Lac du Bonnet’s main street shows little signs of an evacuation of more than 800 people from wildfires just 12 hours earlier.

At the legion hall, an evacuee named Betty and about 20 others are pinching perogies for their monthly fundraiser as if it’s just another Wednesday.

MIKE DEAL / FREE PRESS 
Betty (right) makes perogies at the Royal Canadian Legion in Lac du Bonnet for charity despite being an evacuee from the wildfire. The community gathers every six weeks to make perogies and they didn’t want the dough and filling to go to waste.
MIKE DEAL / FREE PRESS

Betty (right) makes perogies at the Royal Canadian Legion in Lac du Bonnet for charity despite being an evacuee from the wildfire.

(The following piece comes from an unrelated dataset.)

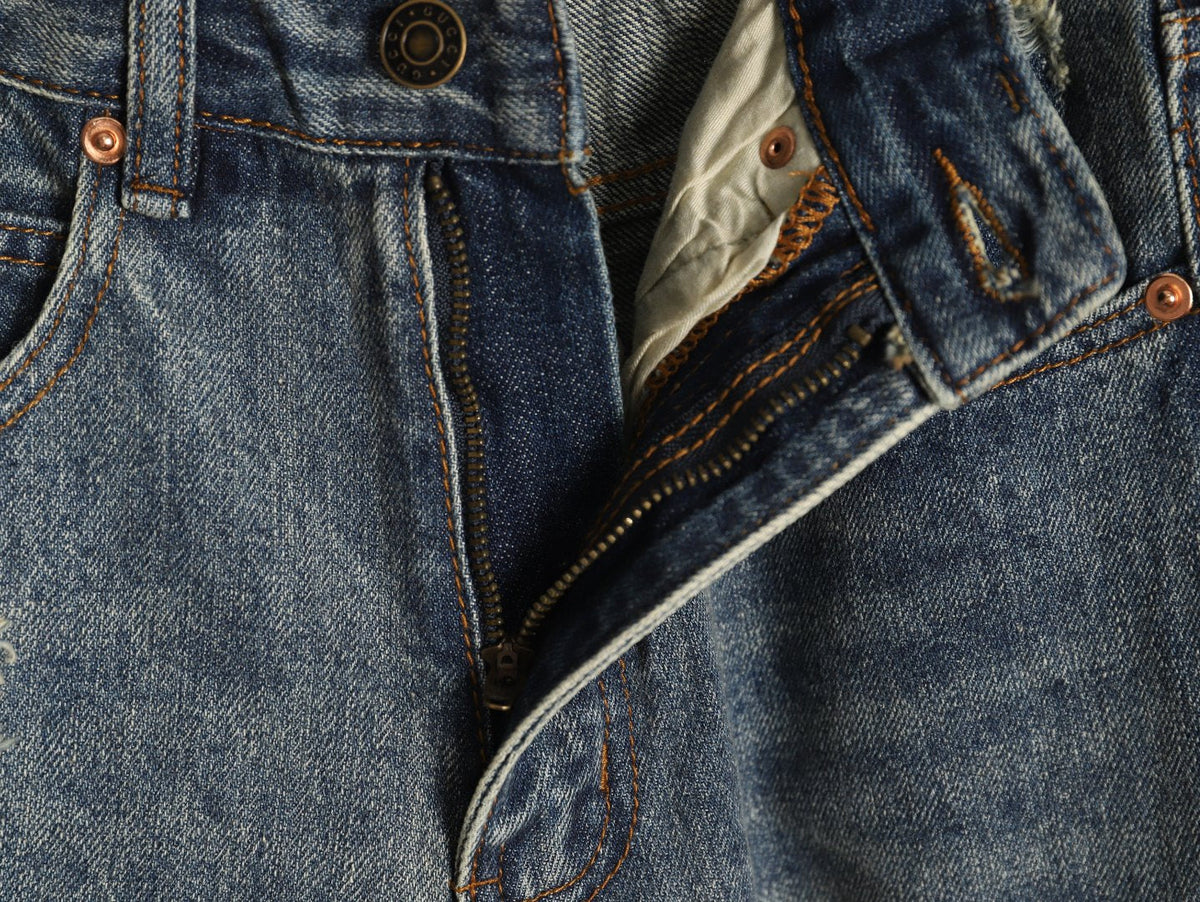 Gucci Distressed Washed-Look Jeans - Dark Gray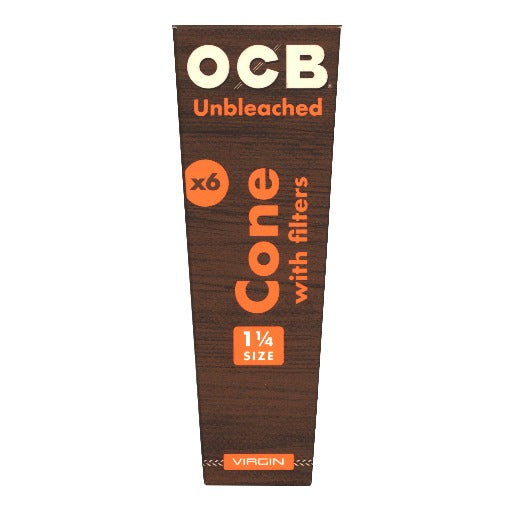 OCB Unbleached 6 Pack 1 1/4 Cones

The community gathers every six weeks to make perogies and they didn’t want the dough and filling to go to waste.

“The dough was already made,” says Betty, who declines to give her last name while standing near a heaping pile of potato-cheddar perogy filling. “Plus, it’s just property; none of it matters.”

Betty and Jackie, who also doesn’t want her last name published, have 250 dozen perogies to form and boil before they can even think about what’s happening near their properties.

They’re fortunate to have something to distract themselves from any news — good or bad.

Normalcy is the only way to handle a catastrophe, Jackie says.

“This is a solid community, everyone helps each other,” she says.

Not far away at Drifter’s Inn, the town’s local watering hole and hotel, a group of Lac du Bonnet firefighters takes a break from battling flames to get some lunch.

Most of them are still wearing high-visibility vests and other gear.

A passing bartender asks one how the fight is shaping up; the man shrugs in response.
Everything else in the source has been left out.